Task requirements:
Would you transcribe the entries below, beginning at the line with "Focal Auditor ASE130" and ending after the line with "Måttbeställd Gardin American Plant Jacquard", exactly, with no picture and nothing more?

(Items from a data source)
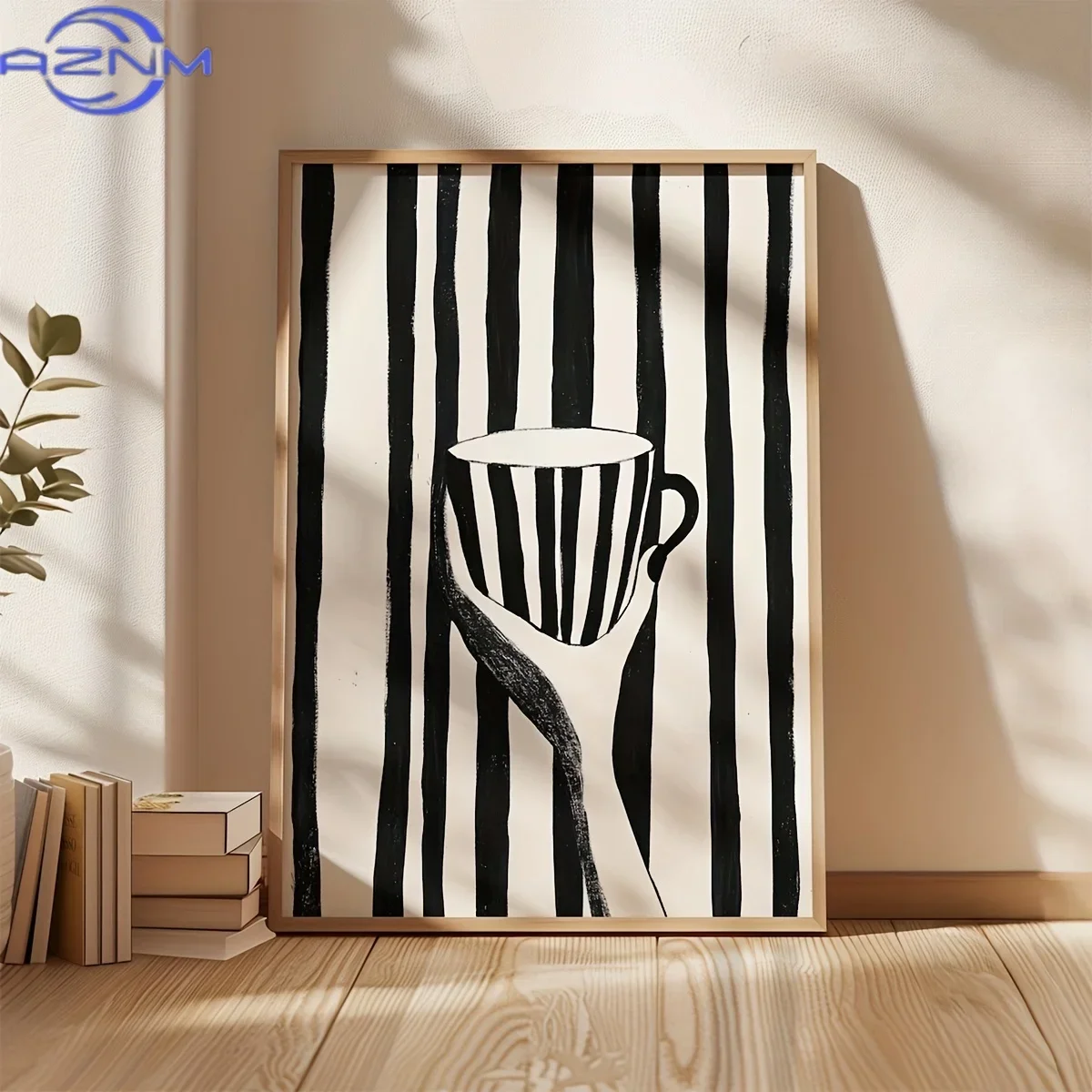 Cartoon Animal Text Art Coffee Print Painting Minimalist Wall Art Room Decoration Canvas Poster Prints Coffee Lover Gift Poster view 4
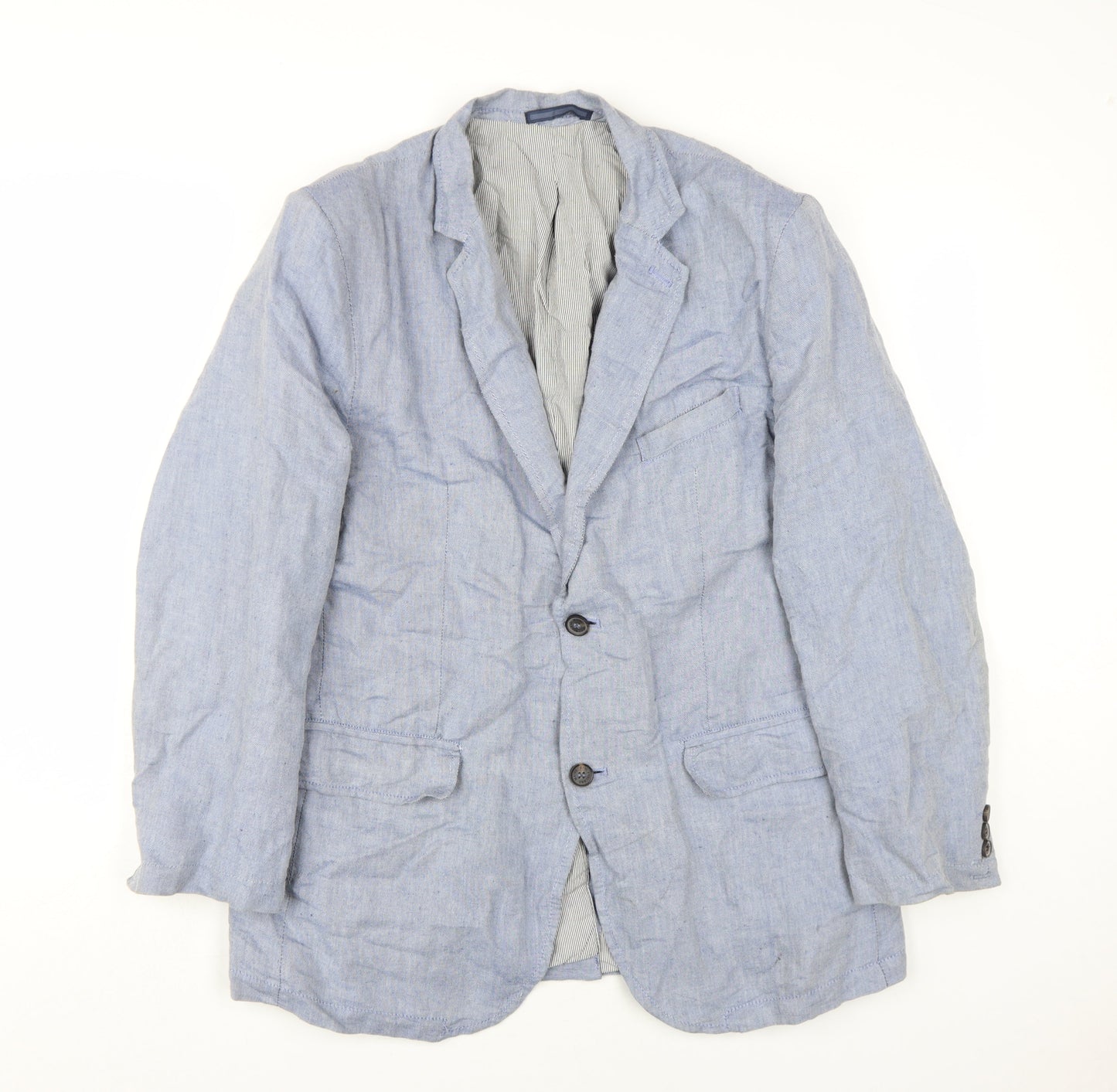 Maine New England Men's Blue Blazer M 39-42, Classic Style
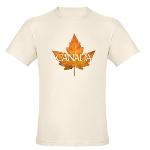 Yellow Canada Maple Leaf Shirts Men's Canada Souvenir Shirts 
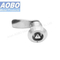Aobo Durable SUS316 Fixed Grip Range Train Panel Door Lock Triangular 8mm Compression Latch Cam Lock with Arrow
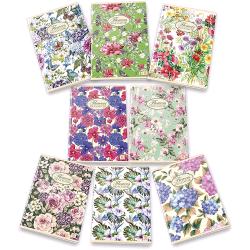 PIGNA NATURE FLOWER QUADERNI A4 80 GR QUADRETTI 0Q 40 FOGLI COLORI ASSORTITI CONF 10 Pz.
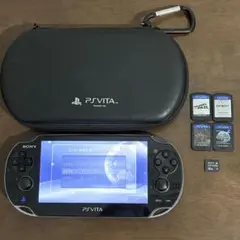 u*r様 【美品】PS Vita 本体 ブラック PCH-1100 32GB ソ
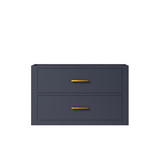 Lexora Castor 30 inch W Blue Single Bath Wall Hung Vanity Cabinet - LVC30SE000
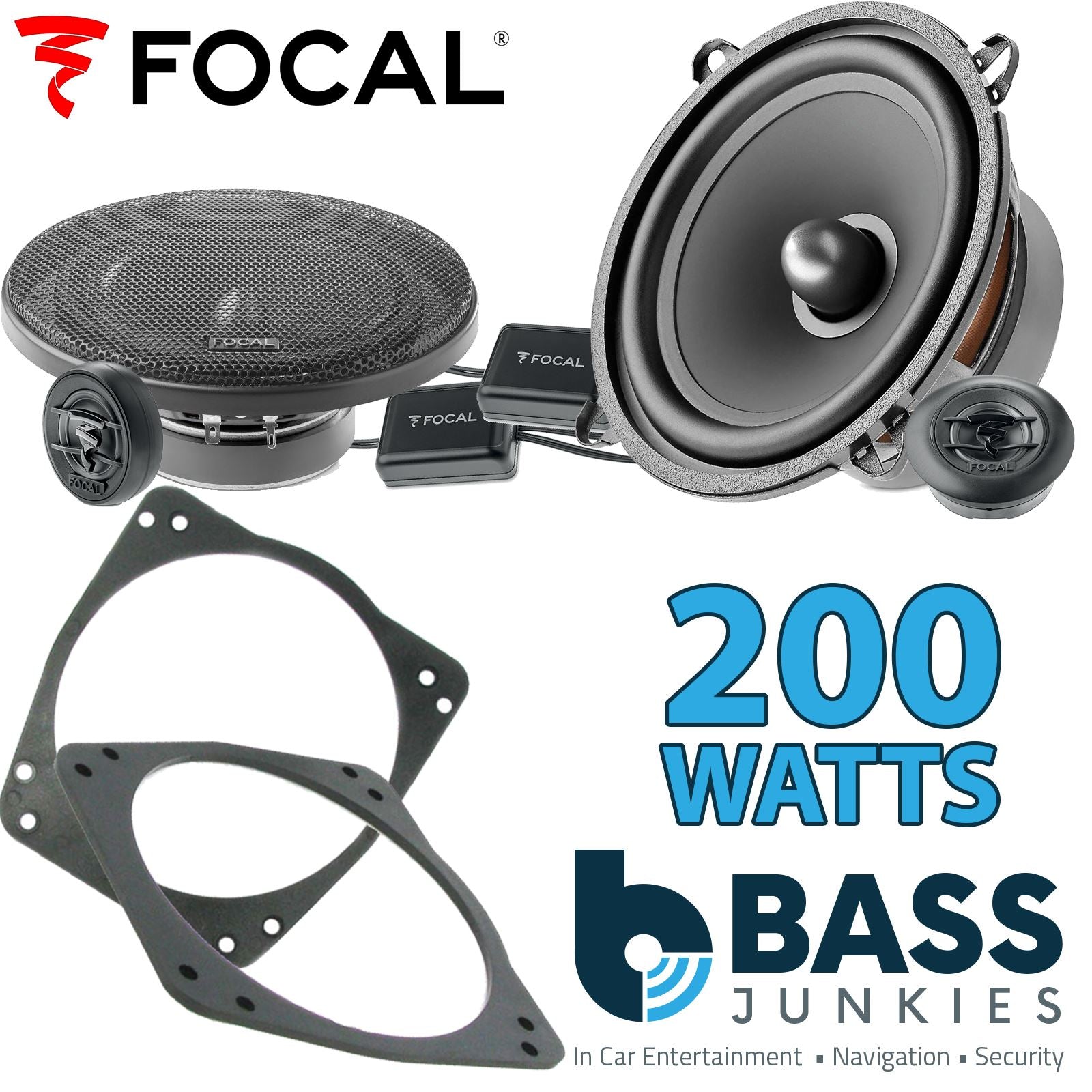 Focal Auditor ASE130 130mm/13cm/5.25"Car Component Speakers (Pair Max 200 watts) Fits Ford Fiesta 1989-01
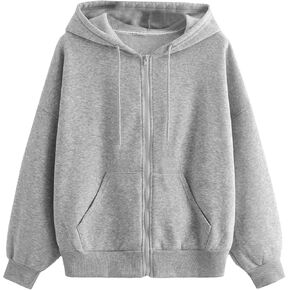 COZYEASE Women's Zip Up Hoodies Drawstring Long Sleeve Hooded Sweatshirts Basic Pullover Hoodies with Pocket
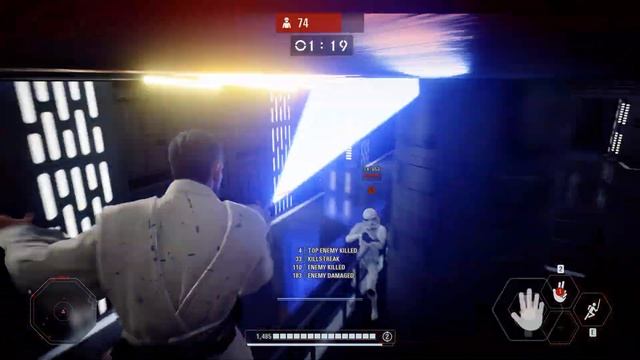 Star Wars Battlefront 2 - Ben Kenobi Mod смотреть онлайн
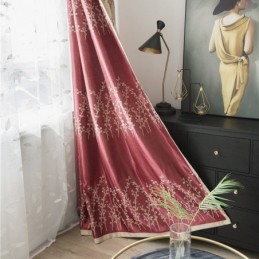 Måttbeställd Gardin American Plant Jacquard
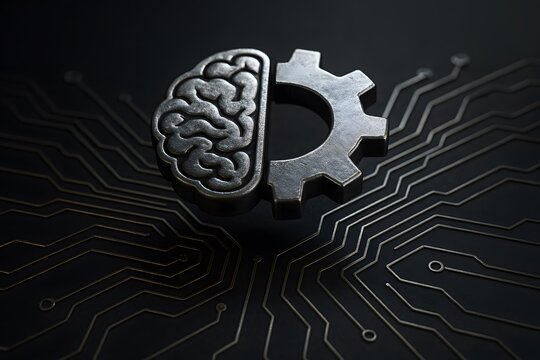 Ai brain machine learning technology neural network artificial intelligence concept innovation future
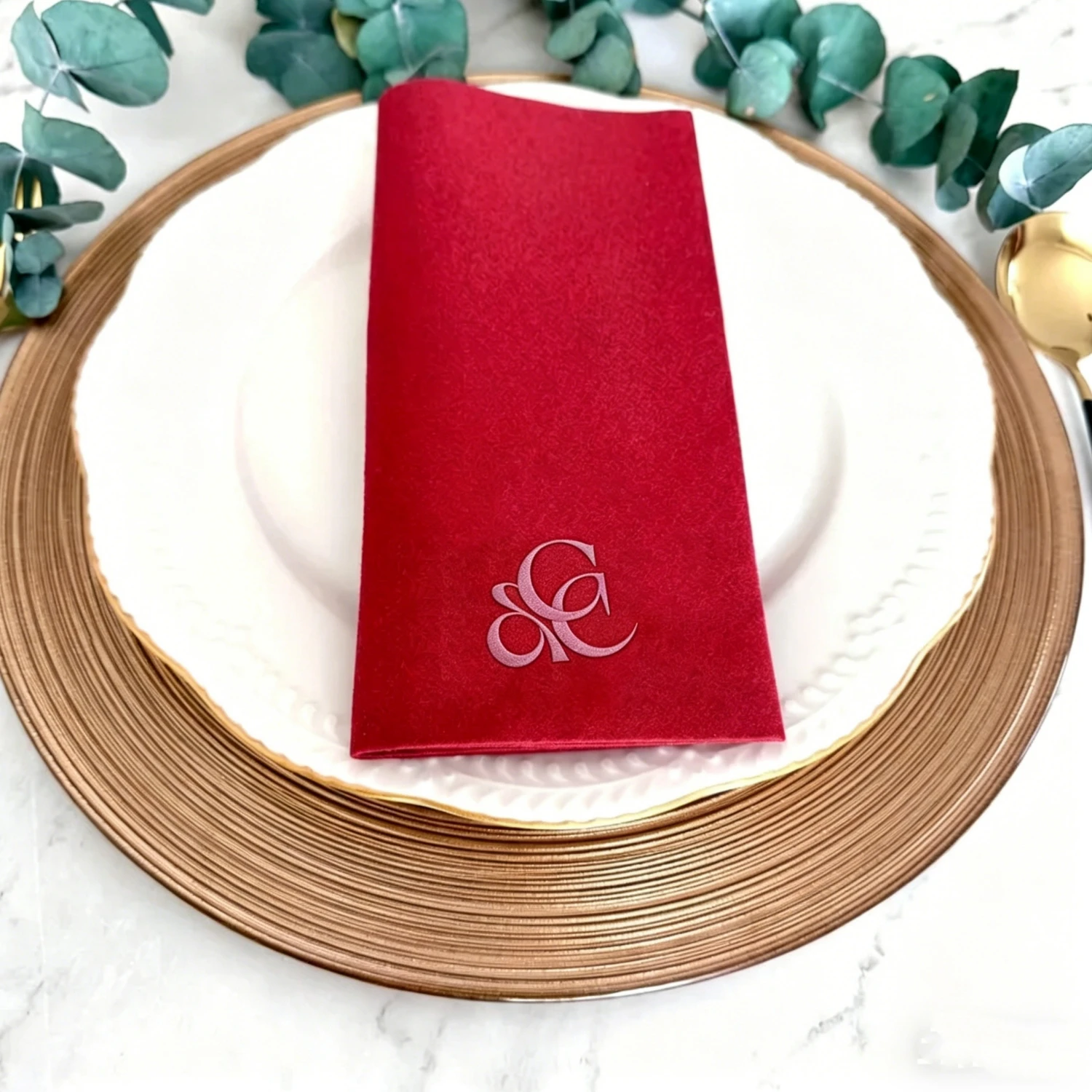 100pcs Personalized Linen Like Gold Foil Napkins Sheepsew Disposable for Wedding Dinner Party Banquet Ceremony
100pcs Personalized Linen Like Gold Foil Napkins Sheepsew Disposable for Wedding Dinner Party Banquet Ceremony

Reply:
 Focal Auditor ASE130 130mm/13cm/5.25"Car Component Speakers (Pair Max 200 watts) Fits Ford Fiesta 1989-01
 COZYEASE Women's Zip Up Hoodies Drawstring Long Sleeve Hooded Sweatshirts Basic Pullover Hoodies with Pocket
 Star Wars Battlefront 2 - Ben Kenobi Mod смотреть онлайн
 Måttbeställd Gardin American Plant Jacquard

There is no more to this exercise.